__TASK BRIEF__:
Please report, as a single number, how many lines in the entries include the string "Price".
PROVIDED DATA Start Marker
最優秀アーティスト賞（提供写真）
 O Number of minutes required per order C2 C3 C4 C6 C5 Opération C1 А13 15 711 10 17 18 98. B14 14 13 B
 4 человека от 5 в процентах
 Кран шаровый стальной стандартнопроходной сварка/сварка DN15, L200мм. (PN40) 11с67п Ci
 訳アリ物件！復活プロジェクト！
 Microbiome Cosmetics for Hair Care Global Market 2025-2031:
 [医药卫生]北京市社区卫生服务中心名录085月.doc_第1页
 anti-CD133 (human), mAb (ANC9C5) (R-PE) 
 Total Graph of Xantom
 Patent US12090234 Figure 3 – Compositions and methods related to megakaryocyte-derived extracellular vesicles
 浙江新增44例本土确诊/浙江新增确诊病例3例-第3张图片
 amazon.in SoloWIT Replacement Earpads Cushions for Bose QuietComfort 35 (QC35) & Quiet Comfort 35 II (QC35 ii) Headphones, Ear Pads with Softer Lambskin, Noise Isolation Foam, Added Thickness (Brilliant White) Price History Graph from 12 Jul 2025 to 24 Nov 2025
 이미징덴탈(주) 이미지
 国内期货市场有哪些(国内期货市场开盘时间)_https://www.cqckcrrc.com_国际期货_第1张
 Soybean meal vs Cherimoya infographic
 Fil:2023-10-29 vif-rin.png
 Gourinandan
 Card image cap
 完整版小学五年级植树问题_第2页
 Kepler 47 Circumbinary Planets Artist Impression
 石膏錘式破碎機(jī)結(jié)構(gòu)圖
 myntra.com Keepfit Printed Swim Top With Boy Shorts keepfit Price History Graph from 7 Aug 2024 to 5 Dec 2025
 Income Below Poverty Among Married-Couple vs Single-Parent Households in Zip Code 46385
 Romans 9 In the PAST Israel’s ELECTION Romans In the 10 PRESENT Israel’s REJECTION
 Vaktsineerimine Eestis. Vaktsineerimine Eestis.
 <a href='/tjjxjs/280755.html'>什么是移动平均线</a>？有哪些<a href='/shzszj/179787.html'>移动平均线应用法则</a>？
PROVIDED DATA End Marker
__FINISHED TASK__:
2